By Elias Biryabarema
KAMPALA (Reuters) - Uganda's mobile phone market has room to grow but is still too small to support all of the country's seven telecommunications companies, the managing director of Airtel Uganda, a local unit of India's Bharti Airtel , said.
"It's an absolute illusion to believe that four, five, six mobile operators can ever be profitable in one country," Tom Gutjahr told Reuters. "It's unlikely that the smaller companies will get profitable any time soon."
Seven major telecom firms serve Uganda's population of 35 million, and mobile penetration is about 44 percent, according to Uganda Communications Commission. The sector expanded by 11 percent in the 2012/13 fiscal year, from 19.2 percent in the previous period, according to the government statistics office.
Nevertheless industry officials have noted that cut-throat competition that forced players to lower tariffs to woo subscribers was wearing margins so thin there was a need for mergers for some companies to remain viable.
Last year, Airtel bought Warid Uganda to become Uganda's second-biggest telecom operator after MTN Uganda, owned by South Africa's MTN Group . Airtel now has some seven million subscribers.
Orange Uganda, owned by French company Orange , was sold to Africell early this year. It was the second small operator in Uganda to be sold in about a year, and there could be more acquisitions as stiff competition erodes profit margins.

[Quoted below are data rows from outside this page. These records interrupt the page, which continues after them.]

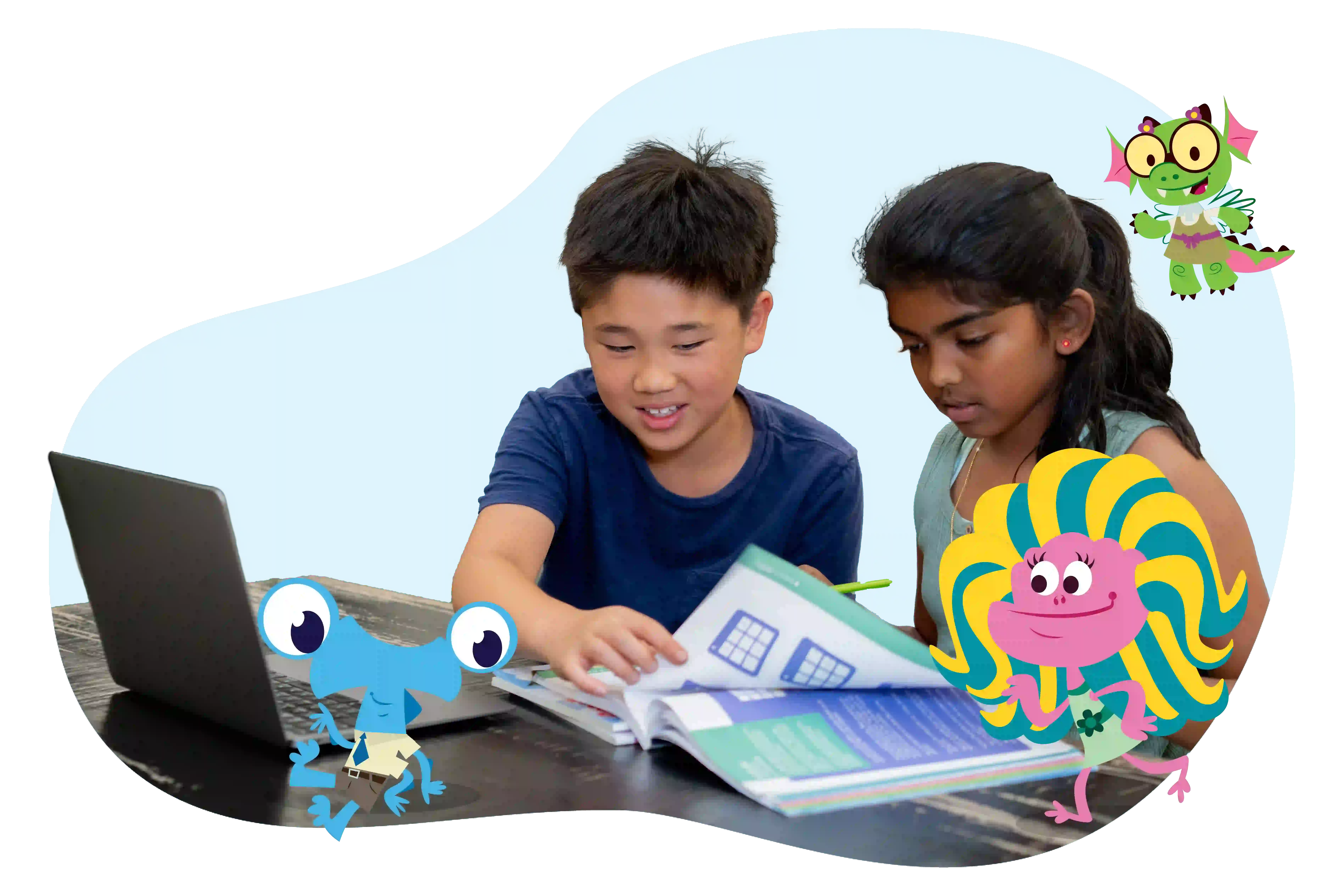 Kids learning math with Beast Academy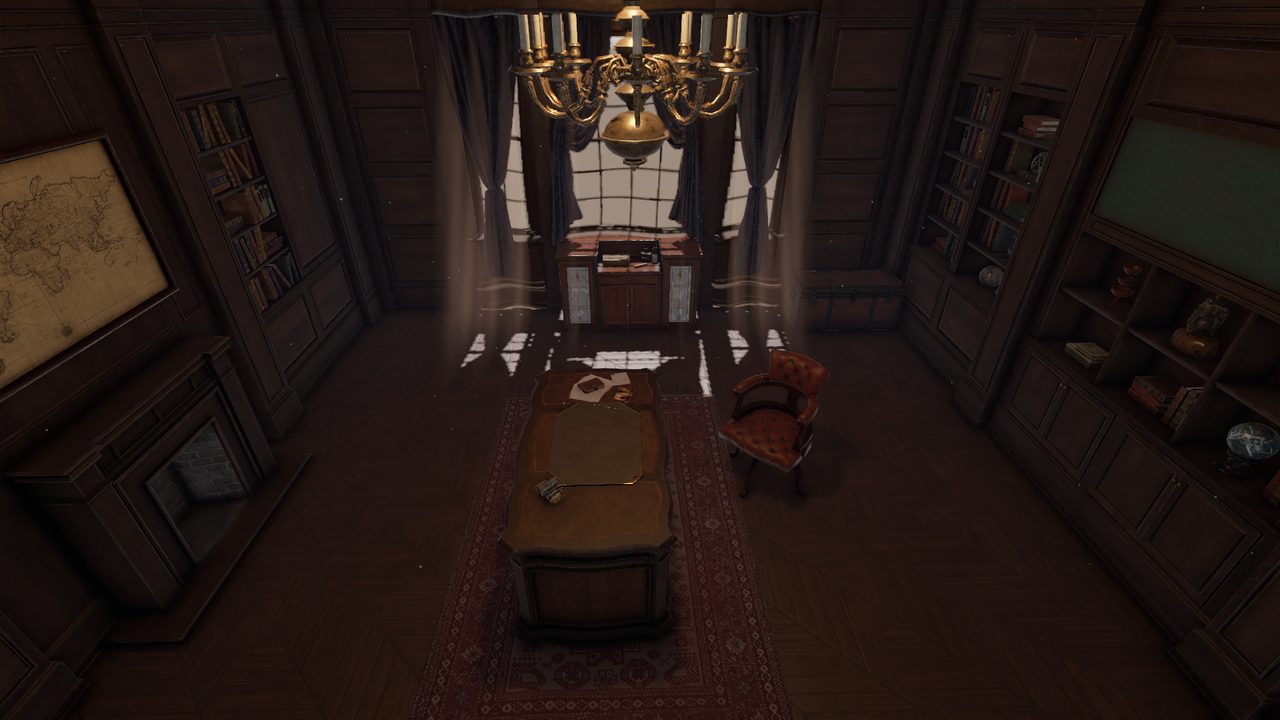 The study seen from above: desk, armchair, chandelier and bay window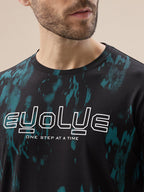 Mens Round Neck Half Sleeve Tie and Dye Print T-Shirt with Rubberised Chest Typography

Gutjahr said Airtel would look at any "interesting offers".
He declined to offer revenue projections for 2014 but said the company had "seen some growth" during the year. He added that Airtel had spent about $100 million in infrastructure expansion this year.
He added that Uganda's young population - roughly half is younger than 15 - could feed growth opportunities for telecom companies in the east African nation.
"All these people who are still young today, they're going to be the telecommunications users of the future," Gutjahr said. "This growth is absolutely unique in the world."